As she revived in the net, hanging from a cleat over the boat in the frigid water, Marc prepared both the equipment and paperwork required for the DNA study. A special tool to take a small flesh sample was used with surgical precision, then dropped into a vial of solution for maximum preservation, and marked with a small white label. The small incision was then covered in an antibiotic gel to prevent risk of infection. All of this took less than a minute, including the paperwork that needed to be filled out with the specifications of each catch, including length, girth, sex, and location of capture. Using a needle gun we also tagged the dorsal fin of the fish with a numbered code to identify it, and should it be recaptured and reported by another angler, there is a data trail on this fish to follow. This was all done while the fish was still recovering in the water. A quick photo and the fish was released over the side of the boat. It was an incredible experience to partake in the scientific aspect of this marvelous fishery, the results of which would ultimately play a critical role in future regulations concerning the fishery and ensuring the conservation of this remarkable species.

Then we realized we had a problem. The released fish had suddenly re-surfaced on its side about fifty meters behind the boat. This was not a good sign. We brought the boat around, both of us deeply concerned with her welfare, as we motored back in silence and simply grabbed her by the tail and held her upright in the water. She seemed strong but slightly disoriented, unable to maintain herself upright in the water, as though she had lost her sense of balance. Marc had seen this before in muskies caught from deep water, a condition arising from an air bladder problem from having ascended to quickly to the surface. It was like the musky bends. A second release attempt ten minutes later proved equally futile as the moment she dove down rolled over on her side and floated back up to the surface. She seemed really confused and unaware of what was going on as she repeatedly attempted to sound, but floated back up. It became an issue of grave concern and we brought her into shallow water, where a deep swim would not be an available option. The strategy seemed to work and we kept a vigilant eye on her for a half hour as she swam around the shallow water and then rested in some weeds and regained her balance before she finally slipping back off into the deep water. Total time on this release was over an hour and a half and admittedly, for both of us, far more of an accomplishment than its capture.

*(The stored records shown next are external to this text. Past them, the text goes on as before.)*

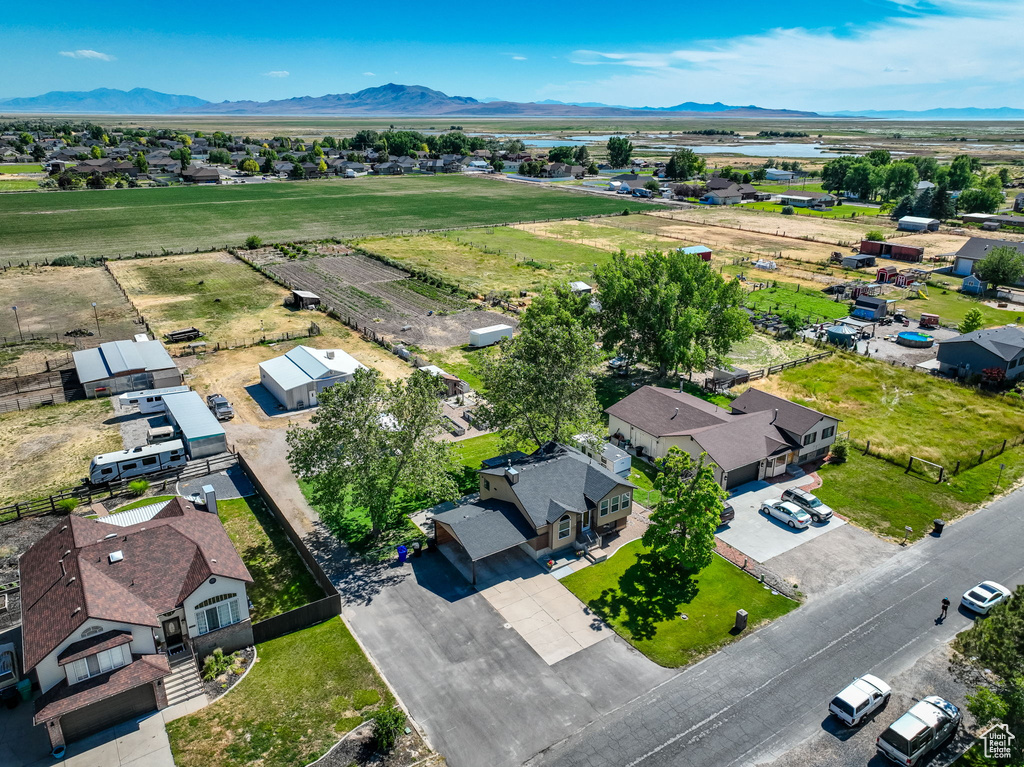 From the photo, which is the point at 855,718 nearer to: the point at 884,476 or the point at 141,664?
the point at 884,476

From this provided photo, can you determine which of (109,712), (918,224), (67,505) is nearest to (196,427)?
(67,505)

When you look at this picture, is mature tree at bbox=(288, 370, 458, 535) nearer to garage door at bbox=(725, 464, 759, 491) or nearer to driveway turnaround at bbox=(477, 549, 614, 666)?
driveway turnaround at bbox=(477, 549, 614, 666)

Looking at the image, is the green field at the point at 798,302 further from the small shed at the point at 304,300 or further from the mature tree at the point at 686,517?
the small shed at the point at 304,300

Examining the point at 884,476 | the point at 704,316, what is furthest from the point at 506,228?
the point at 884,476

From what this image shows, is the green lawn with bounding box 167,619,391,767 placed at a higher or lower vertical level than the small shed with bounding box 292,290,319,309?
lower

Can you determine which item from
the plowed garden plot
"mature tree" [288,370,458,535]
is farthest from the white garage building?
"mature tree" [288,370,458,535]

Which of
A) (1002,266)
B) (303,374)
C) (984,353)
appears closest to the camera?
(303,374)

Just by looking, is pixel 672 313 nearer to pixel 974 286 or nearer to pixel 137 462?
pixel 137 462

The rain finally came but only in the form of a slight drizzle instead of the rain showers that the weatherman had predicted. Our flame orange floater suits were more than enough to keep us warm and dry under the misty blanket of the river. In this country there is a saying that the weather is a given and if you don’t like it, wait another five minutes and it will change. Besides, as a general rule with these fish, the worse the weather got the better the fishing would be. Musky fisherman are not unaccustomed to foul weather in their pursuit of these legendary fish. Not long after the rain began one of the rods angrily sounded off with a good fish. It was a smaller fish but gave a great account of itself until we battled it into the bottom of the net. It was a fully mature male, close to twenty pounds, with green tiger stripes running along its cream coloured belly. It was a superb fish and was released without encountering any of the same difficulties as with our first fish.

The sun quickly dipped below the horizon in a fiery splash and darkness began to gather its grip around everything . It was time to go home. The flashing lights of the markers, as well as the honed instincts of somebody who has done this more than once,  guided us through the darkness towards the parking lot. It was not even 5. p.m.when we trailered the boat up the ramp and drove back out onto the highway. It was rush hour and there was more traffic on the roads as long lines of cars pulled out of the steel mills and refineries after a hard days work and headed home to their families. Big trucks with heavy loads grumbled by, their drivers looking down at the boat with all the heavy-duty fishing gear, several honking and waving at our good fortune for playing on water while they had been toiling on land all day. It had certainly been a great day on the river.